È qualcosa che ti fa perdere la paura, che ti fa correre nel buio della notte, come accadde a quei due che da Gerusalemme stavano tornando al loro villaggio di Emmaus, privi di speranza, immersi in una sera nella quale l'unica novità poteva essere rappresentata da un pellegrino sconosciuto che camminava con loro parlando di ciò che era accaduto a Gesù nei giorni precedenti. E poi, l'intuizione di chiedere a quello sconosciuto “Resta con noi, perché è sera” e accorgersi che in quella sera della vita i loro occhi si riaprono alla speranza.

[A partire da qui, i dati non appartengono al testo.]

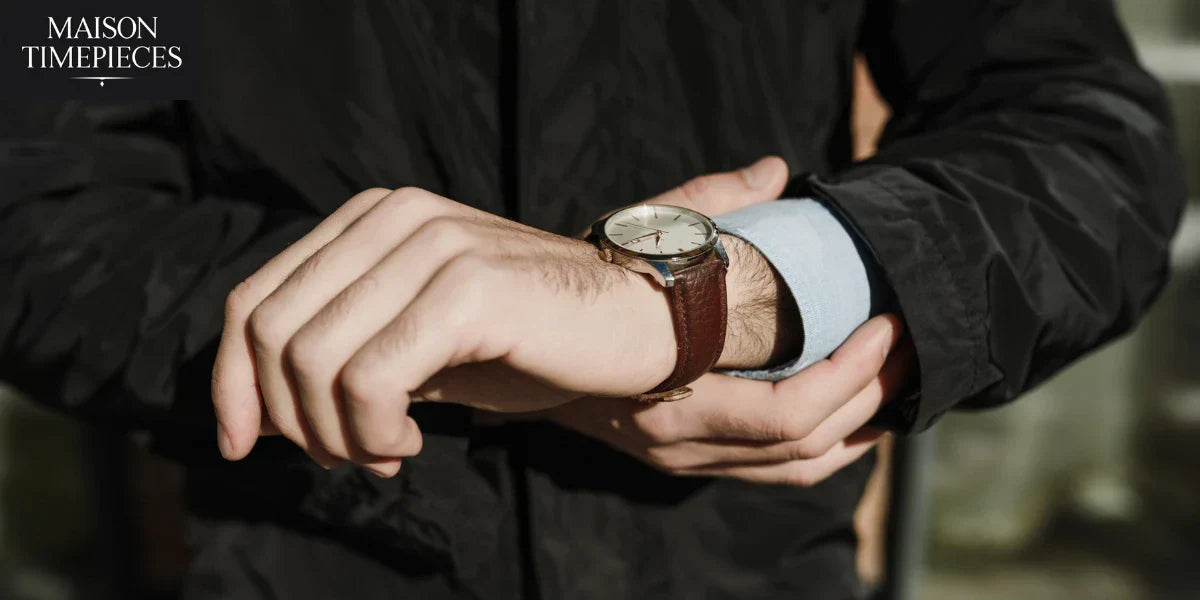 slim men’s watches Singapore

Capitò così anche la sera di Pentecoste, il giorno in cui i giudei osservanti celebravano la festa delle sette settimane, cioè il tempo trascorso dalla notte dell'Esodo al giorno in cui Mosè ricevette le Tavole della Legge sul Sinai; lo stesso tempo in cui, a primavera inoltrata, si iniziavano a raccogliere i primi frutti della terra. I Dodici, riuniti in un luogo a porte chiuse - chiuse come il loro cuore alla speranza - stanno per assistere alla conclusione dell'ennesimo giorno di festa trascorso come un giorno qualsiasi, senza alcuna voglia di festeggiare né la Legge di Mosè che il Maestro aveva insegnato loro a superare, né di gioire per i frutti di una terra che ora non avevano più, perché per seguire Lui avevano lasciato tutto in case, campi, terreni e familiari.

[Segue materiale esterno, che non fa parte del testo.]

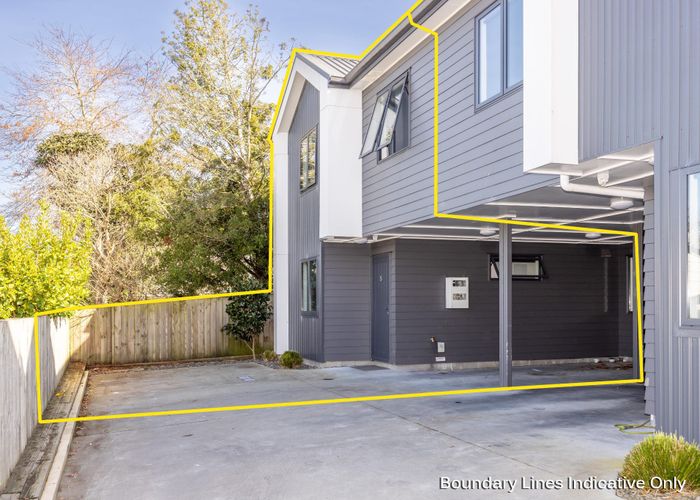  at 5/85 Cameron Road, Hamilton East, Hamilton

E così, mentre il giorno stava per finire, all'improvviso dal cielo arriva qualcosa che nessuno aspettava più, qualcosa che non rientrava nelle loro attese, qualcosa che sconvolge il loro torpore, qualcosa che illumina a giorno anche la sera più buia, qualcosa che non può lasciare indifferenti, qualcosa che sconvolge talmente le loro vite da prendere possesso addirittura della loro bocca e della loro voce permettendo loro di parlare in lingue diverse e totalmente sconosciute a chi, a mala pena sapeva solo l'aramaico materno.
Adesso, invece, si parla greco, latino, arabo perché è arrivato Qualcuno che non riesce a lasciare indifferenti, e quando arriva ti sconvolge l'esistenza, senza neppure lasciarti il tempo di ragionare perché la sua forza ti trascina per strada ad annunziare le grandi opere di Dio; e ciò che più sconvolge, è il fatto che arriva mentre il giorno di Pentecoste stava per finire. Sembra proprio che per Dio, e per il dono del suo Spirito, non è mai troppo tardi.